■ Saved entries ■
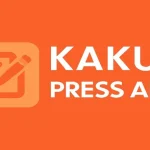 kaku press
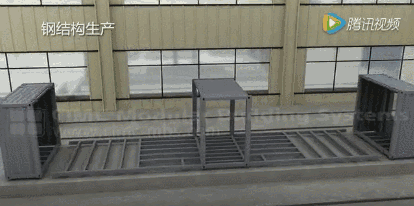 看中国装配式建筑如何征服英国…(内附制造、装配全过程) BIM视界 第3张-BIM建筑网 看中国装配式建筑如何征服英国…(内附制造、装配全过程) BIM视界 第3张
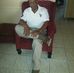 Manuel Wilson - Facebook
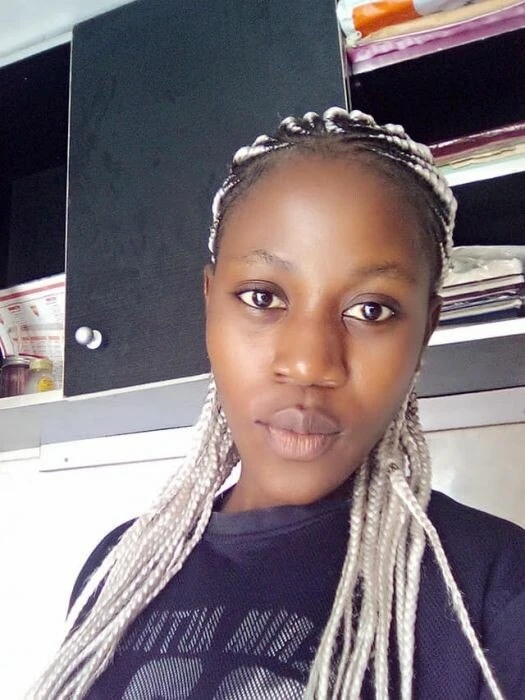 Jahlise Profile image 1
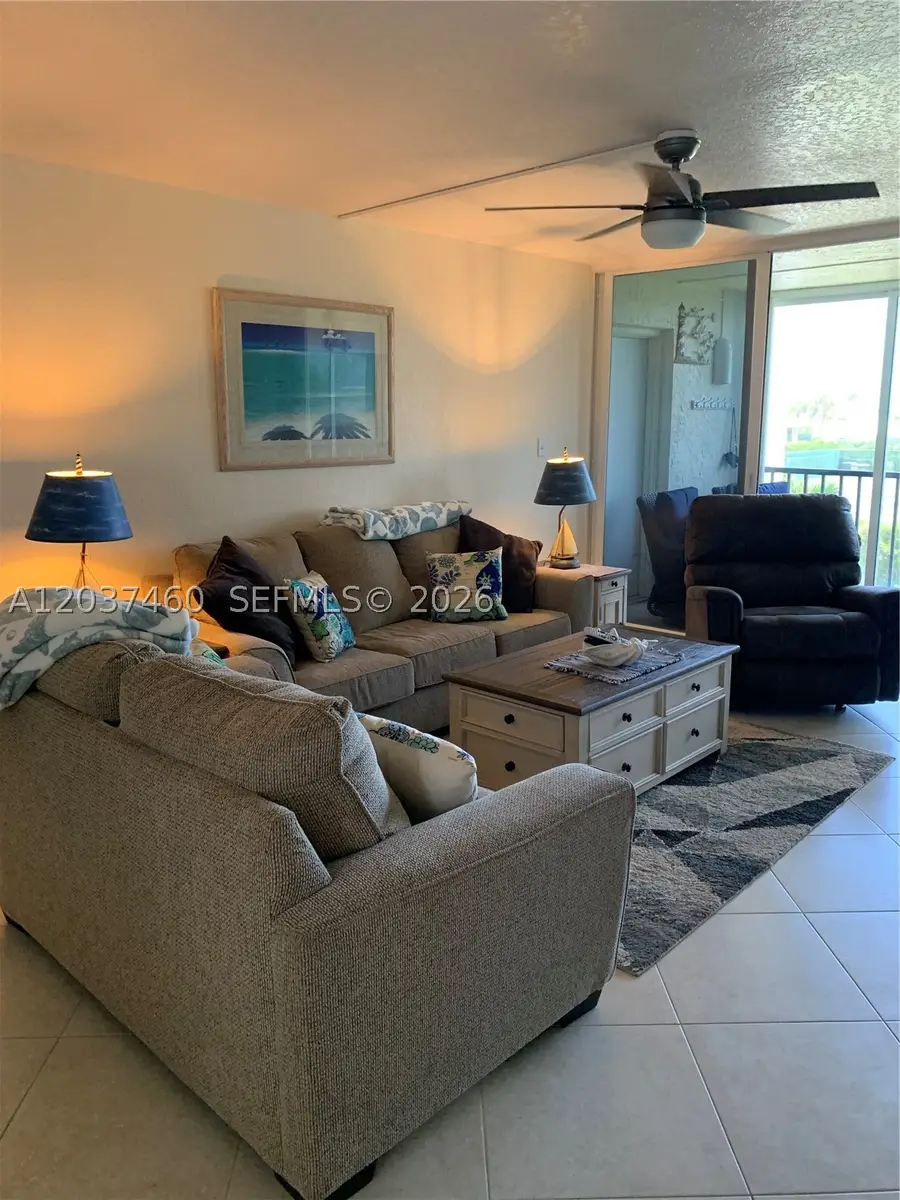 2400 S Ocean Dr #7134, Fort Pierce, FL 34949 - #3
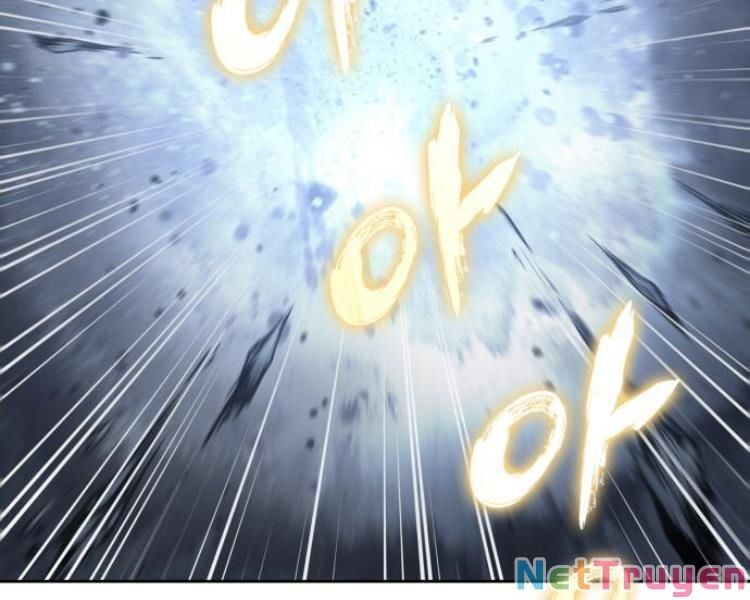 đọc truyện Ngã Lão Ma Thần Chương 74 ảnh 177 tại Thiên Thai Truyện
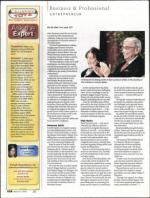 image of March 05, 2009 - number 26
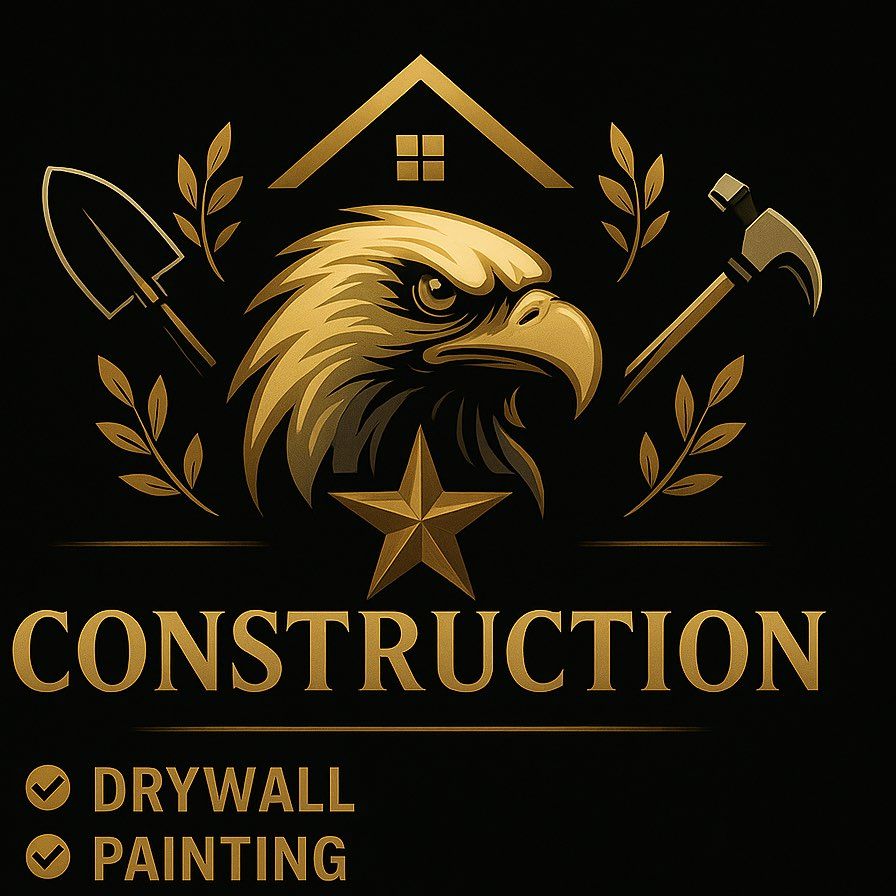 CONSTRUCTION & LANDSCAPING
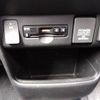 honda n-box 2016 -HONDA--N BOX DBA-JF1--JF1-2526489---HONDA--N BOX DBA-JF1--JF1-2526489- image 11
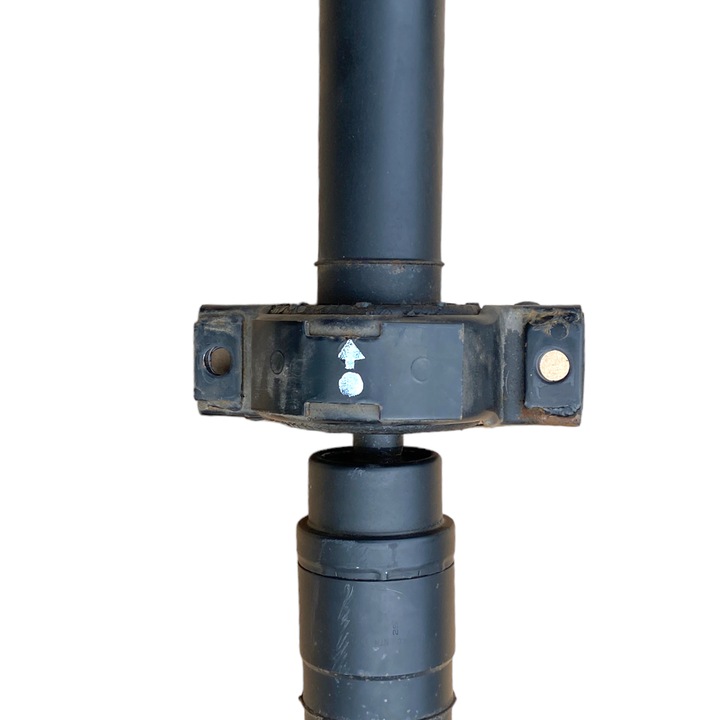 фото №14, Wał приводной renault koleos ii 2.0 dci 4x4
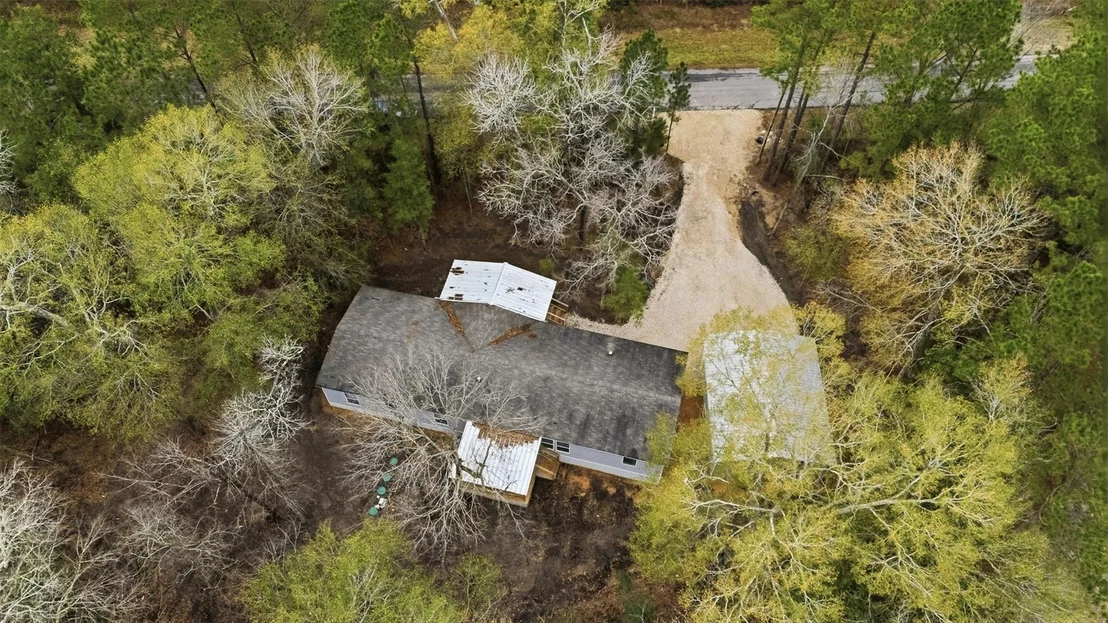 Photo of 800 Rock Creek Drive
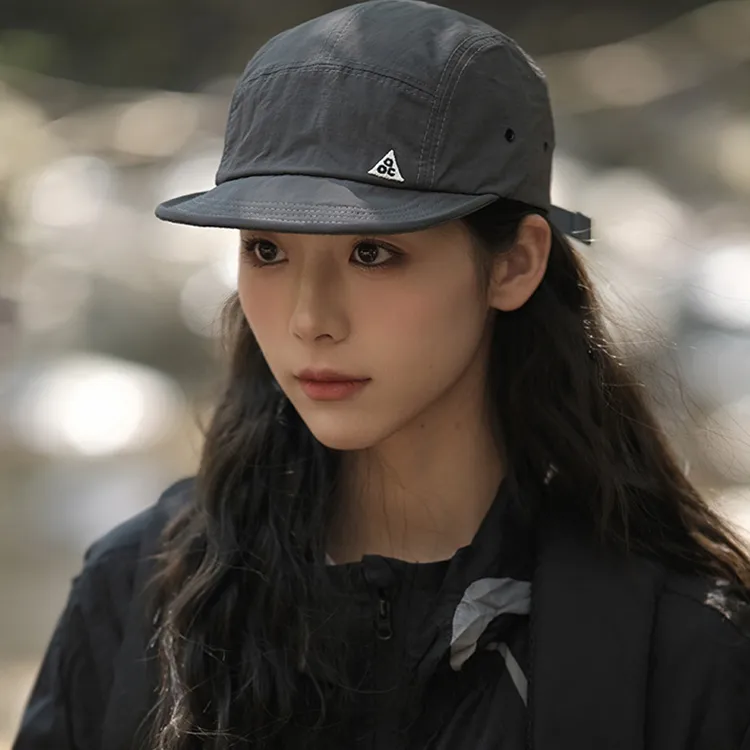 ALIEN BANG Cotton Baseball Caps Unisex-18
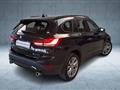 BMW X1 sDrive18d Advantage Aut.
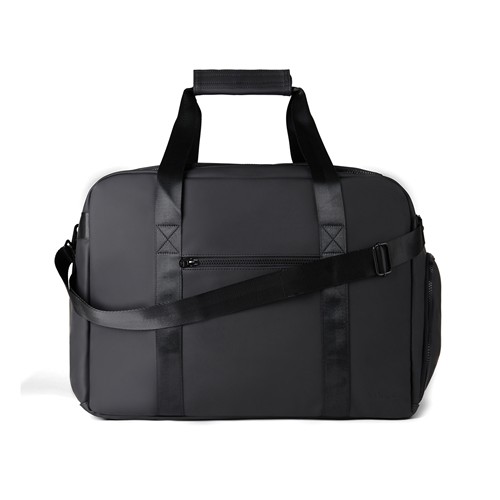 black VINGA bolsa gimnasio Baltimore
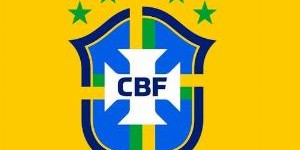 博鱼APP-巴西足协高层：解雇多里瓦尔前，足协主席未和任何任何主教练接触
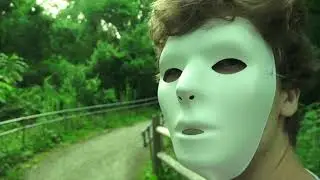 josh: the movie/unfinished 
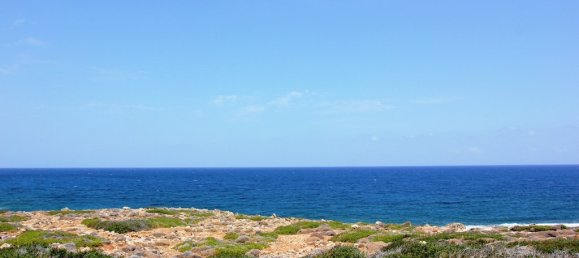 22000m² Hotel in Agios Nikolaos, Greece No. 7032 5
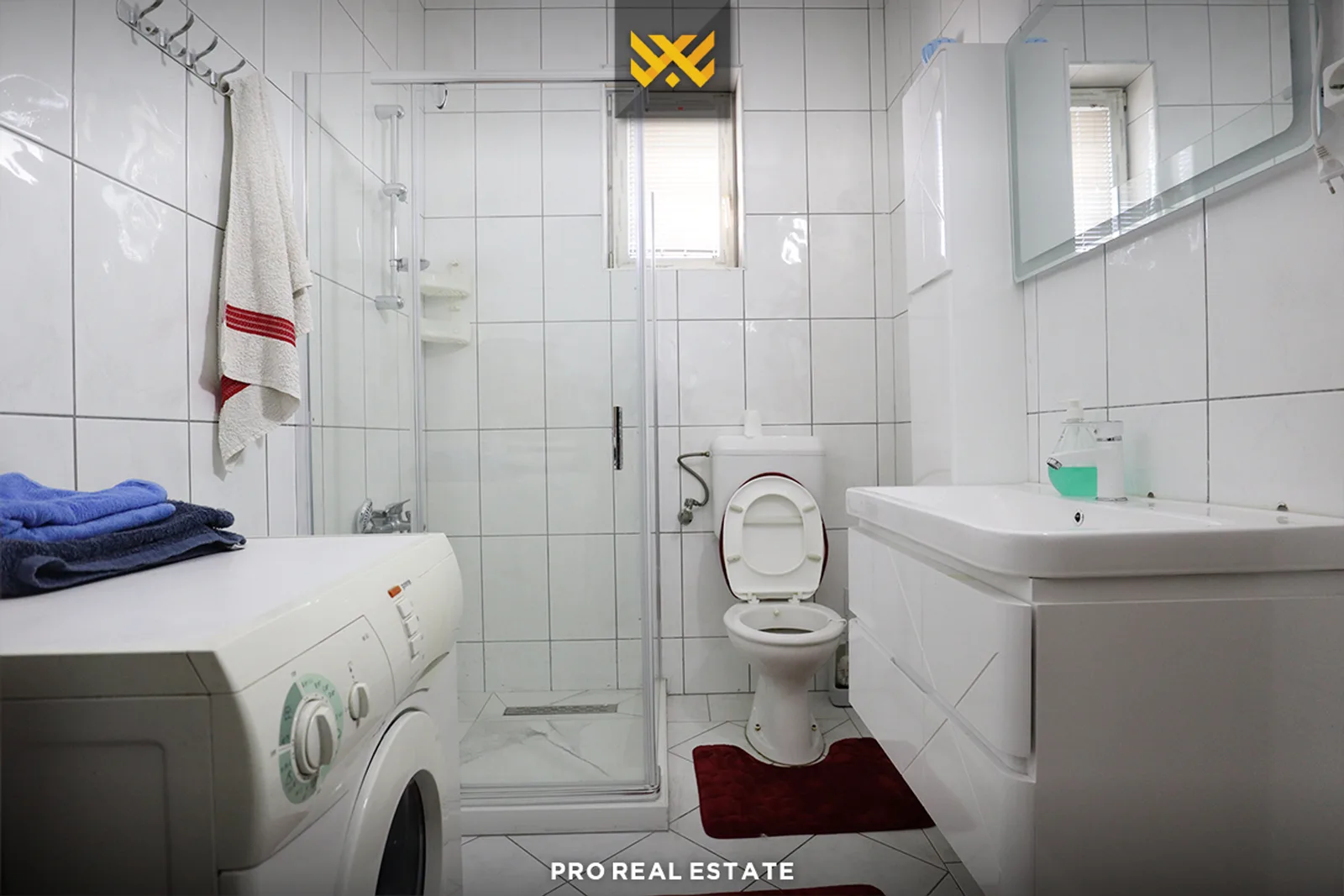 Shtëpi 120m² me #QIRA në Dragodan.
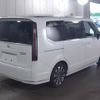 honda stepwagon 2022 quick_quick_5BA-RP6_RP6-1105936 image 5
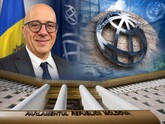 Banca Mondială va acorda Moldovei un împrumut de 218,2 milioane de euro (250 milioane de dolari) pentru a sprijini reformele structurale și creșterea economică durabilă a țării 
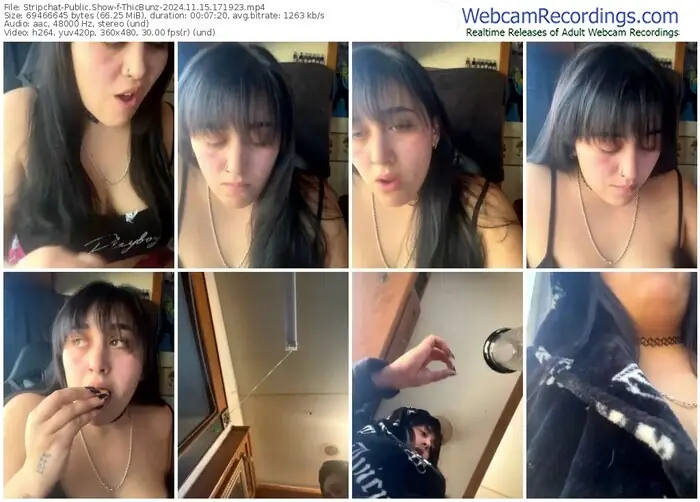 stripchat-thicbunz-11-15-2024-17-19-23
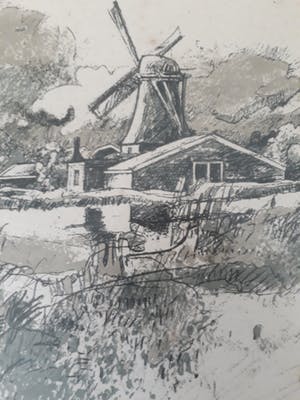 Leo Poelmeijer - geen titel kopen? Bied vanaf 25!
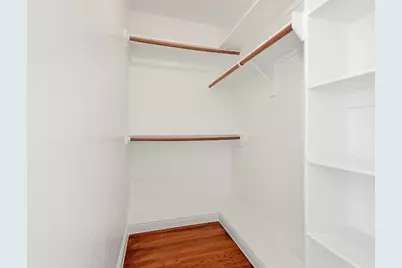 8502 Detroit Street #C, Houston, TX 77017 - Photo 13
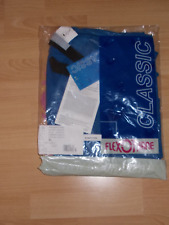 Flexothane classic latzhose gebraucht kaufen  Potsdam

■ Task to carry out ■
If a line comes after the line with "honda stepwagon 2022", it stays out; print exactly every line from the start of the entries up to and including that line, but no pictures.

■ Answer to this task ■
 kaku press
 看中国装配式建筑如何征服英国…(内附制造、装配全过程) BIM视界 第3张-BIM建筑网 看中国装配式建筑如何征服英国…(内附制造、装配全过程) BIM视界 第3张
 Manuel Wilson - Facebook
 Jahlise Profile image 1
 2400 S Ocean Dr #7134, Fort Pierce, FL 34949 - #3
 đọc truyện Ngã Lão Ma Thần Chương 74 ảnh 177 tại Thiên Thai Truyện
 image of March 05, 2009 - number 26
 CONSTRUCTION & LANDSCAPING
 honda n-box 2016 -HONDA--N BOX DBA-JF1--JF1-2526489---HONDA--N BOX DBA-JF1--JF1-2526489- image 11
 фото №14, Wał приводной renault koleos ii 2.0 dci 4x4
 Photo of 800 Rock Creek Drive
 ALIEN BANG Cotton Baseball Caps Unisex-18
 BMW X1 sDrive18d Advantage Aut.
 black VINGA bolsa gimnasio Baltimore
 博鱼APP-巴西足协高层：解雇多里瓦尔前，足协主席未和任何任何主教练接触
 josh: the movie/unfinished 
 22000m² Hotel in Agios Nikolaos, Greece No. 7032 5
 Shtëpi 120m² me #QIRA në Dragodan.
 honda stepwagon 2022 quick_quick_5BA-RP6_RP6-1105936 image 5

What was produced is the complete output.